AWS Site-to-Site VPN
AWS Advanced Networking Series — Part 01
There are multiple ways you can connect your AWS infrastructure to an on-premise network. The Site-to-Site VPN connection is the more easier and cost effective way.
The Site-to-Site VPN Connection is a logical connection between AWS VPC and on-premise network, which is encrypted using IPSec and runs over the public Internet “in general”.
AWS Site-to-Site VPN connections are utilizing the public Internet to connect between AWS and on-premise networks “in general” due to the less cost. That does not mean that it cannot leverage any other connection options such as Direct Connect or Global Accelerated network.
There are multiple components in a typical Site-to-Site VPN connection.
- Virtual Private Cloud (VPC)
- Virtual Private Gateway (VGW) — is a logical gateway object, which is a target of one or more Route Tables.
- Customer Gateway (CGW) — is a logical configuration on AWS, which represents the configurations of the physical on-premises router where VPN is connected to
- VPN Connection
There are multiple per-requisites that you need to follow before make it work.
- Knowing the IP range / block of the AWS VPC
- Knowing the IP range / block of the on-premise network that you are going to connect
- IP address (public) of the physical public router(s) on the on-premise network (P.Note: There could be multiple routers, if you have more connections for fail-over — See Figure 01 for explanations)
- Create a Virtual Private Gateway (VPG) and attach it to the AWS VPC
- Create a Customer Gateway (s) for each fail-over on-premise VPN connections
Making the setup Highly Available (HA)
You can make a Site-to-Site VPN connection more Highly Available. This could be done at many levels (See Figure 1)
At the AWS level — Create two (or more) VPN Connections, each one represents a single on-premise IPSec connection. These VPN connection will create two (or more) VPN Endpoints (ENIs) to a single Customer Gateway (CGW) on the on-premise network. Each VPN Endpoint represents an Availability Zone of the AWS network, allowing to have fail-over on the AWS side.
At the on-premise level — This could be done using two (or more) Customer Gateways probably at two different locations physically. If one location goes off, other location can take the operations without any problem.
There are two ways to do the routing in the Site-to-Site VPN connection
- Static Routing
- Dynamic Routing (using BGP)
Out of these two methods, it is quite easier to implement the static routing option. However, the more robust option is the dynamic routing primarily because of its ability to more robust in load balancing, auto scaling and network structures.
In order to implement dynamic routing, you need to implement the Route Propagation at the VPC router level. In addition to that, it is required to have the BGP support in the networks (at the physical router level) in order to have the router propagation feature.

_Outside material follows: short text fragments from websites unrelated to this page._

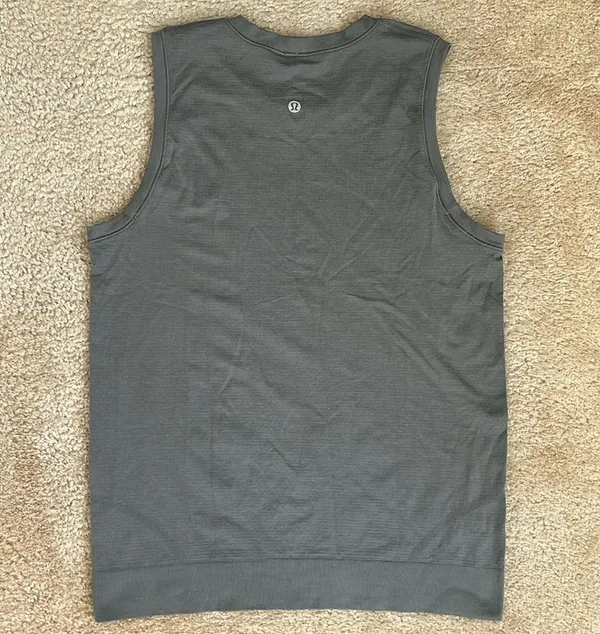Lululemon Grey Tank Top in Women’s Size 4 - Image 2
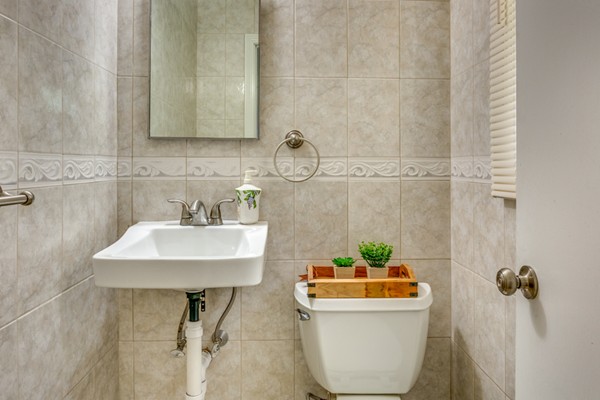 25 Flint Locke Road Randolph, MA 02368 - Photo 7 of 30 Gallery Image 7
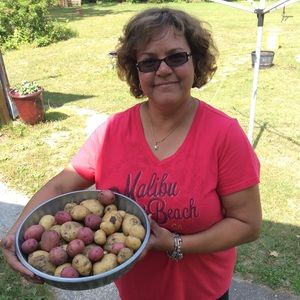 Meet your Posher, Lisa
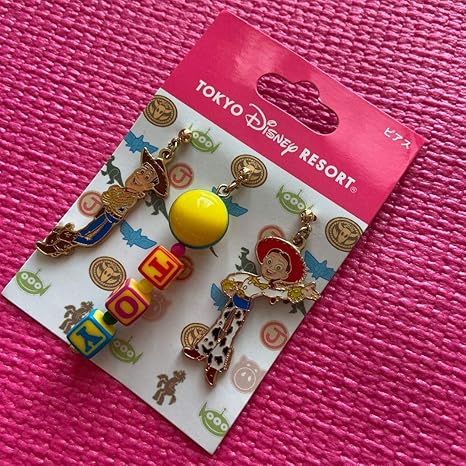 Amazon Co Jp ディズニーシー トイストーリー ピアス ホビー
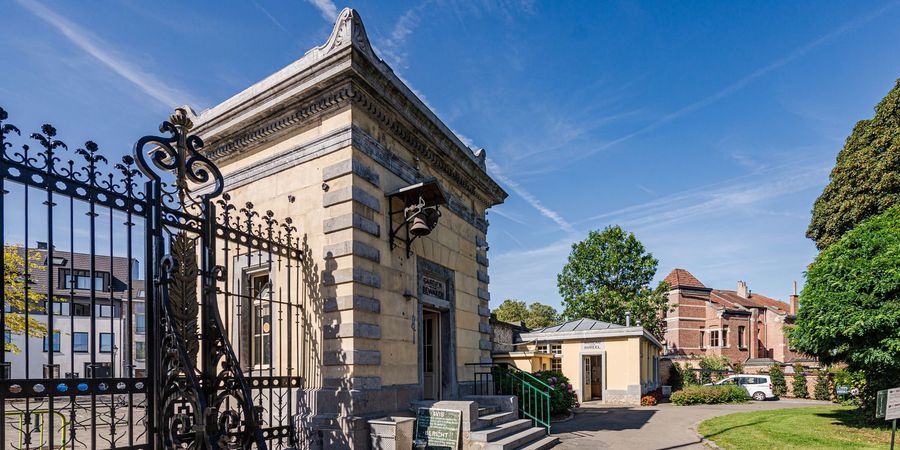 image - Parcours bavard dans le monde du silence… (cimetière de Bruxelles)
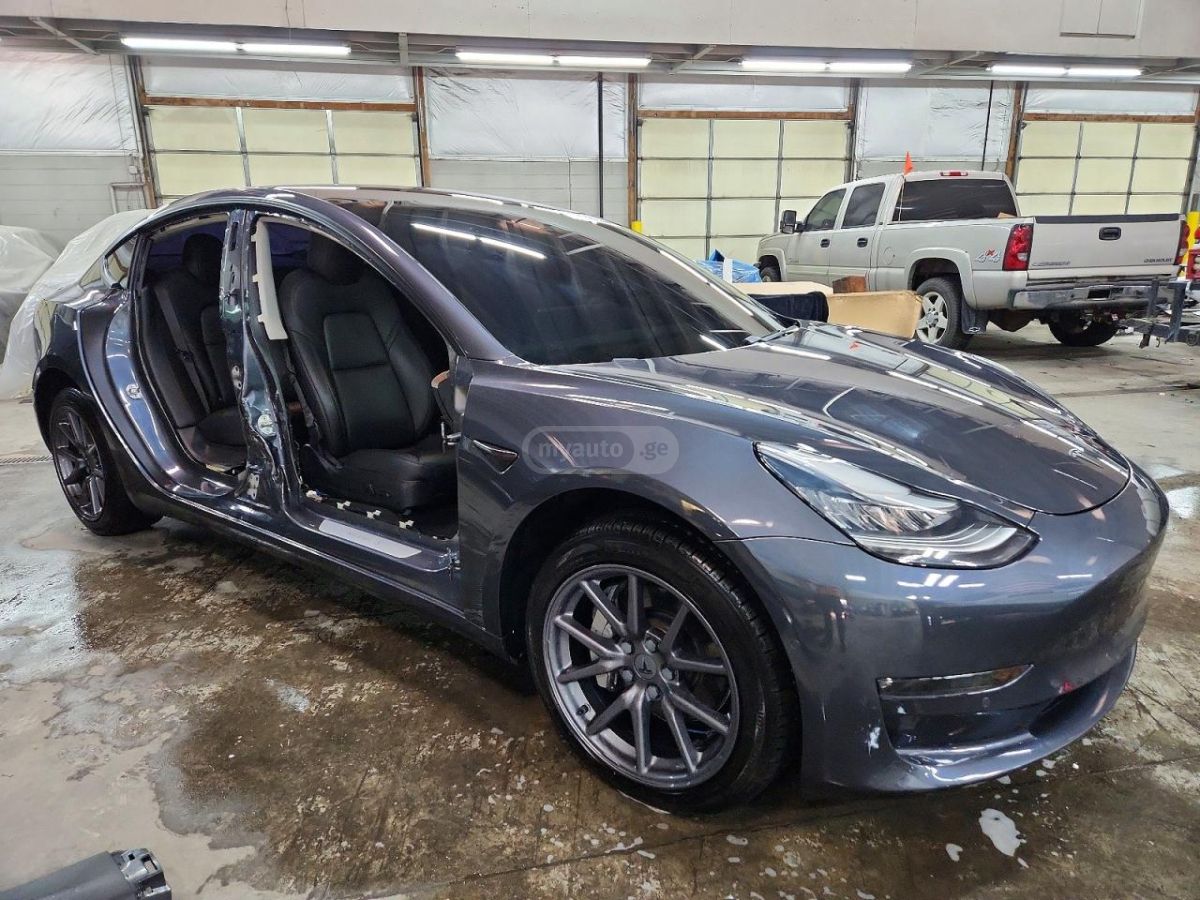Tesla Model 3 - фото 4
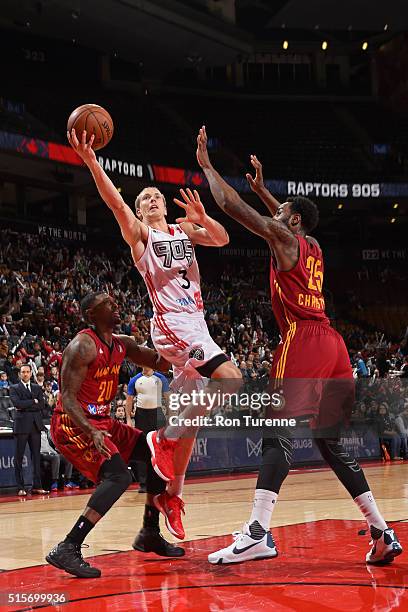 Singler of the Toronto Raptors 905 drives to the basket against the Fort Wayne Mad Ants during the NBA D-League game on March 14 at the Air Canada...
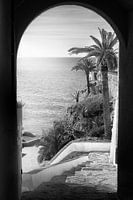 Plage de Nerja sur la Costa del Sol en noir et blanc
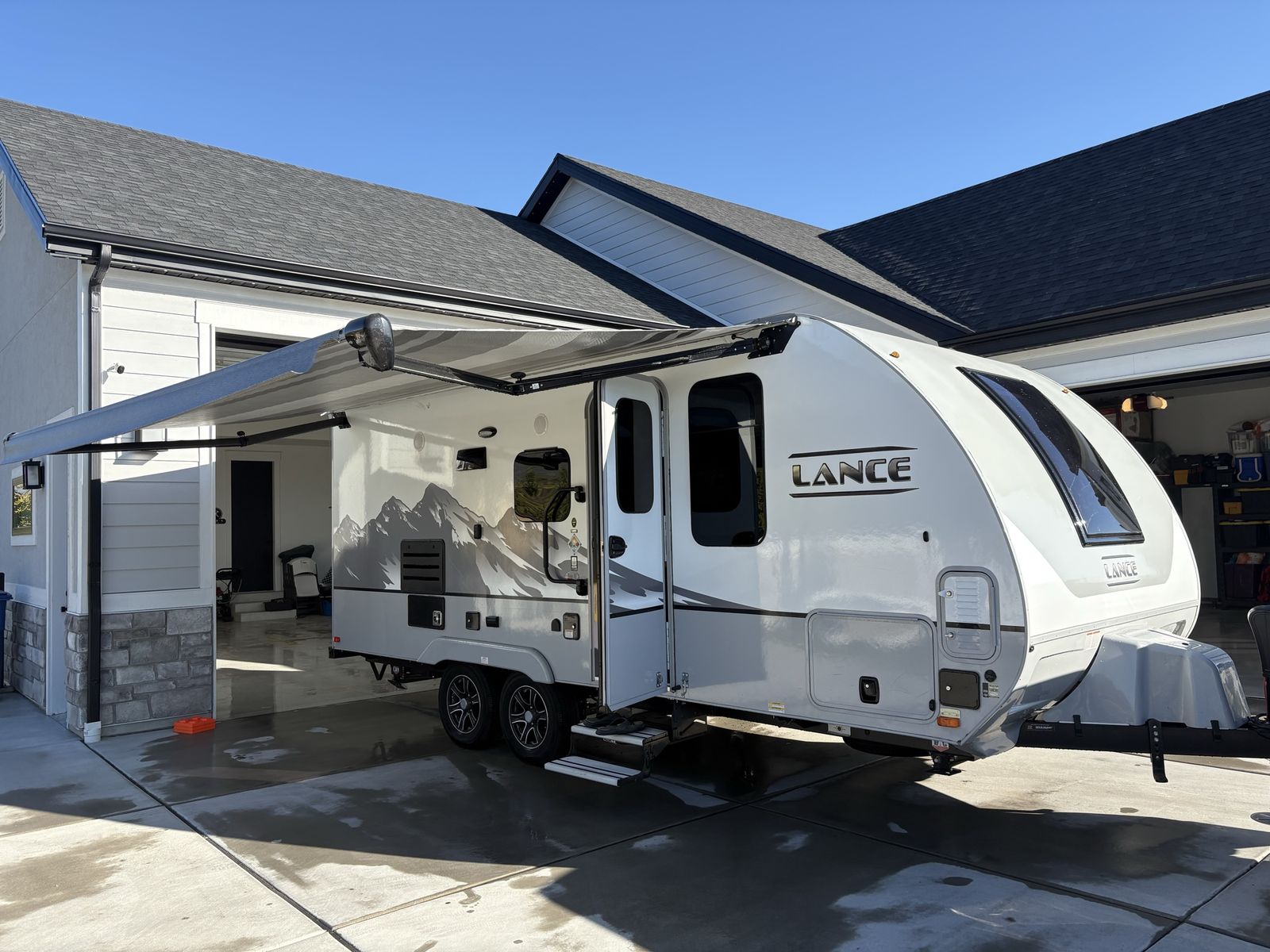 2021 Lance Trailer Model 1985
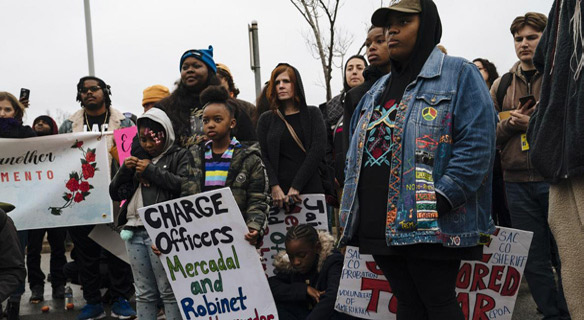 Etats-Unis : les manifestations éclipsent la pandémie qui menace de résurgence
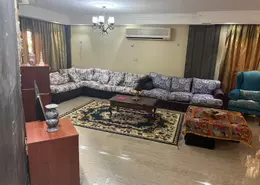 فيلا - 3 غرف نوم - 2 حمامات للايجار في شارع اللاسلكي - حي المعادي - القاهرة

With BGP, it it configured on both the on-premise and the AWS sides using Autonomous System Number (ASN). Network routing information is exchanged to both side using BGP.
Border Gateway Protocol (BGP): It is a standardized exterior gateway protocol designed to exchange routing and reach-ability information among Autonomous Systems (AS) on the Internet. BGP does make the Internet work by enabling data routing on the Internet. It is also known as the “path-vector” protocol as it exchanges the best path to a destination between peers. This path is called as the ASPATH (Autonomous System Path).
If not public Internet?
As explained before, a typical AWS Site-to-Site VPN connections are routed through the public Internet mainly because of its affordability. However, large enterprises, which can afford Direct Connect Connections can easily utilize the Direct Connect infrastructure for the Site-to-Site VPNs without any issue. However, the small and medium enterprises can go for another option (rather not using the public Internet) with a little bit of additional cost. The “Accelerated Site-to-Site VPN” is that option.
Accelerated Site-to-Site VPN
This feature was added in 2019 in order to accelerate Site-to-Site VPN. This uses the AWS Global Accelerator by intelligently routing traffic through the AWS Global Network and AWS edge locations.
With the Accelerated network, the on-premise CGW does communicate to the closest available Edge location with the Global Accelerator any-cast IP and there onward it utilizes the Global Accelerator dedicated network of AWS to reach the Transit Gateway.
It is required to note that, Accelerated connectivity is not supported by Virtual Private Gateways (VGWs) and it is only supported through Transit Gateways.
You can enable this feature while creating an AWS Site-to-Site VPN connection to an AWS Transit Gateway. Accelerated Site-to-Site VPN is available for Transit Gateways in multiple regions now .
By having this option, you will be charged only a fixed cost for the Global Accelerator and a variable cost for the data transfer usage.